A few years ago – before I had seriously begun entering this process moving towards ordained ministry – I was in the midst of a lot of transition. A friend of mine, recognizing this transition in my life, wanted to help me through it. She wanted to be a kind of guide for me in the midst of it. So she sent me on a retreat to the Society of St. John the Evangelist in Cambridge, Massachusetts. It’s an Episcopal monastery. And when this friend told me that she wanted to send me to a monastery, I thought she was crazy. I graciously agreed, but then, as I thought about it, I was thinking, “What in the world could she have in mind?”
I went during the fourth week of Advent that year. Now, it’s always cold in Cambridge, Massachusetts in the fourth wee of Advent, but this was a particularly cold Advent. I moved slowly into the rhythm of the life in the monastery. I began to take in their cycles of praying and waiting and praying and waiting.
The stillness began to move through me.
Each day I developed a little routine of my own before Morning Prayer. I would get very bundled up and I would get a tall cup of coffee; and I would go outside and sit on the banks of the Charles river and I would watch the sun rise.
Between the cycles of praying and waiting and praying and waiting, I found stillness.

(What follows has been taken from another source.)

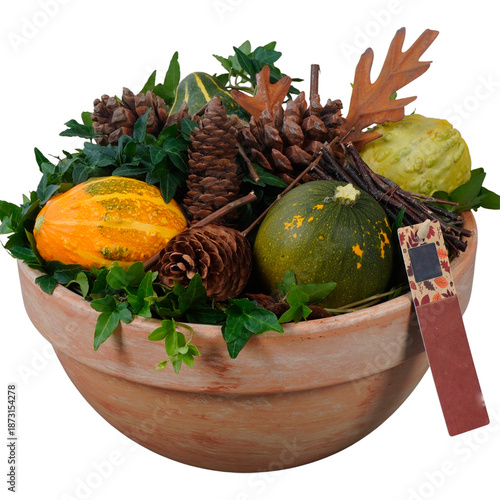 A fresh cactus in a flowerpot sits beside a seasonal harvest basket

And like a metaphor for that stillness I saw it being recreated in the river in front of me. Over the days the river slowed into frozenness. And each day I would watch the sun rise and watch the night become day. And it occurred to me that I could get to know God even in the middle of transition.
As the water was transitioning to ice- as the darkness was transitioning to light- I heard God.

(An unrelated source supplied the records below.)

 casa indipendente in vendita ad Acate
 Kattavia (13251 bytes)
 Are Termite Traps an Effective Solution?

This morning, the lessons that we read are also stories of transition.
In Acts, we hear that Judas has died. And Peter, taking leadership among the Christian believers, leads the people of Christ into a discernment process of their own – finding someone to fill the shoes of Judas.
I didn’t check this with the Search Committee or the Vestry, but I expect that in our own discernment process we did a little more than cast lots.
They entered themselves into prayer, and they left it to what many on the outside would have assumed was chance. They waited to see where God was leading them, and to whom God was leading them.
In the other lesson we heard this morning from the Gospel According to John, we hear of another kind of transition. Step back a few days in the story. Jesus is about to go through a transition of his own: from his earthly life among us to the life that he still shares among us.
He was about to die and the first thought that came to his mind was us. He entered into prayer and asked God to be with us and to lead us. The seventeenth chapter of John is almost like Jesus’ love song to us.
In the end, all of these stories of transition – the ones in all of our hearts and the ones that we hear today – tell us a bit more about how to bring God into our own lives. We tend to look for God in the stillness and the known and the steadfast: “Christ the same yesterday, today, and forever”. And though Christ may be the same, we are not. We are people of change. And in the midst of these changes, God is being made known to us anew each day.
As I think back to the story of Pinocchio, it occurs to me that through the course of the story Pinocchio’s master and creator becomes his father. The creator and the created emerge from the transition in a new and intimate and deeper relationship than they had previously imagined possible.
May it be so with us. May all of the changes and chances of our own lives bring us into deeper, closer, and more intimate relationships with one another and with God. Amen.